The Traveller and the Tourist: A Tale of Discovery in Santorini



By Michael Ermogenis*

The terms ‘traveller’ and ‘tourist’ have such vastly different meanings: A traveller is a person seeking authentic experiences and tries to enrich and sustain the destination’s culture, heritage and environment. On the other hand, a tourist just follows the ‘herd’ to all the same inauthentic tourist traps, and often seeks the same comforts he enjoys at home, not interested in experiencing or learning about local history or culture.

Put simply a traveller has a ‘sense of place’, a tourist has no real sense of anything at all and relies on following the herd for guidance.

Travel is largely governed by a herd mentality. Much like the common expression used by Wall St Warriors, the “trend is your friend” – you can ride the trend and profit from it, as long as you know when to get off the gravy train.

All trends have a predictable trajectory and they usually end in a bubble. This is also true for travel in that the big players create stampedes based on what will make them the most money, not what will produce the best or most authentic experience for the traveller.

They often start ‘trends’, based on self-interest and profit and then watch as the herd builds up to a point to where the destination is spoiled by over exploitation.

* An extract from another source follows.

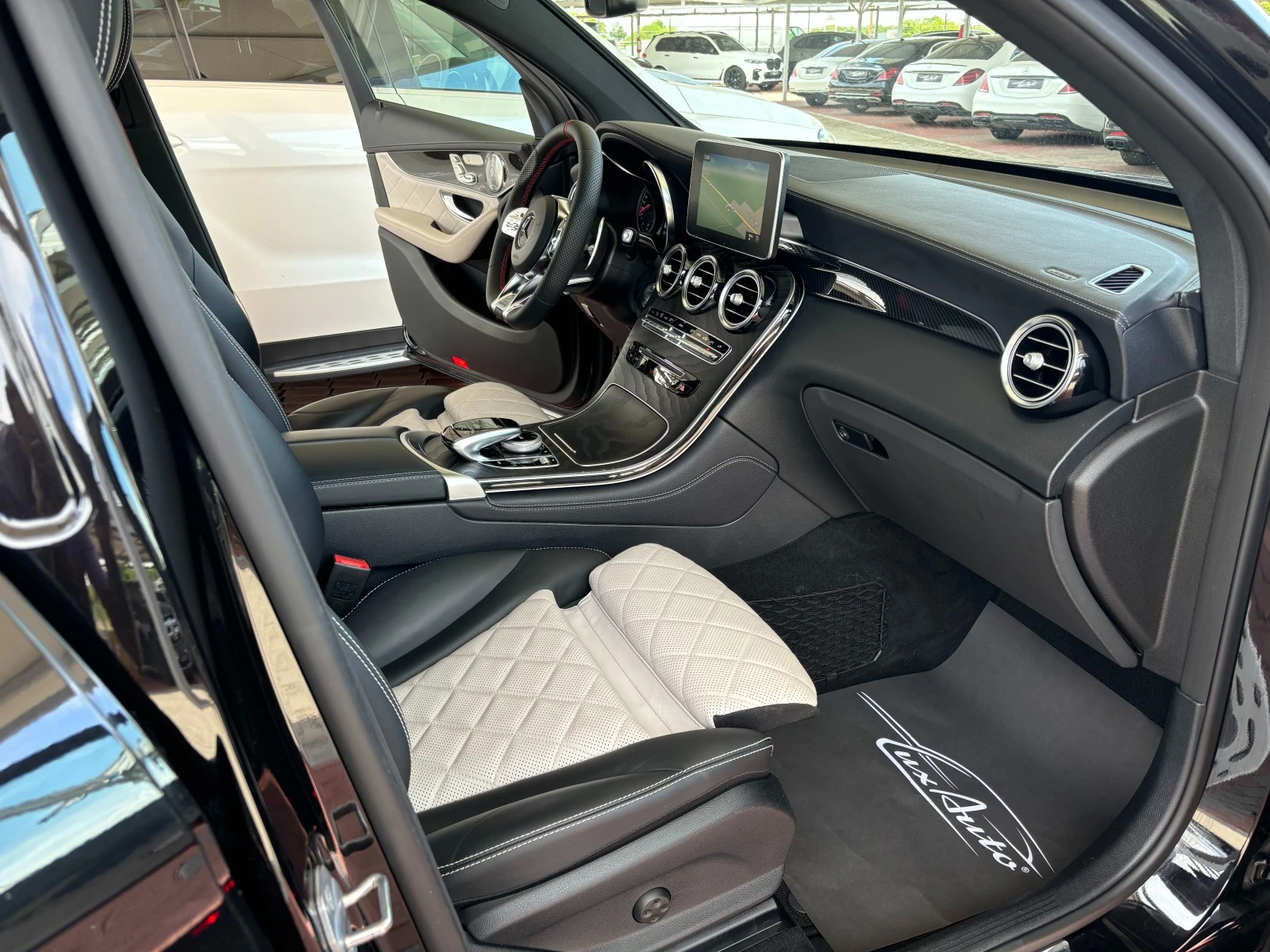 Mercedes-Benz GLC 43 AMG COUPE#DESIGNO#CARBON#KEYLES#AIRM#DISTR#BURM#360CAM - изображение 10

A good example of this is the Greek island, Santorini. If you live in an iconic destination like Santorini you see this being played out on a daily/hourly basis. Millions of tourists will follow the herd to all the major travel sites, they will read reviews from other ‘herd’ members and plan their entire trip based on ‘herd’ recommendations. They will travel in groups or simply follow other groups. The herd mentality will lead the way…The Oia sunset being a classic example, but more on that later.

So, a tourist will come to Santorini having read the same 3-4 sites that all ‘tourists’ read for so-called ‘local information’ and reviews. Whilst they are here they will read or hear the same old things that every tourist will hear and be guided into doing: “You MUST visit this vineyard, you MUST do a caldera yacht cruise, you Must eat at this restaurant and you SIMPLY MUST go and see sunset in Oia.”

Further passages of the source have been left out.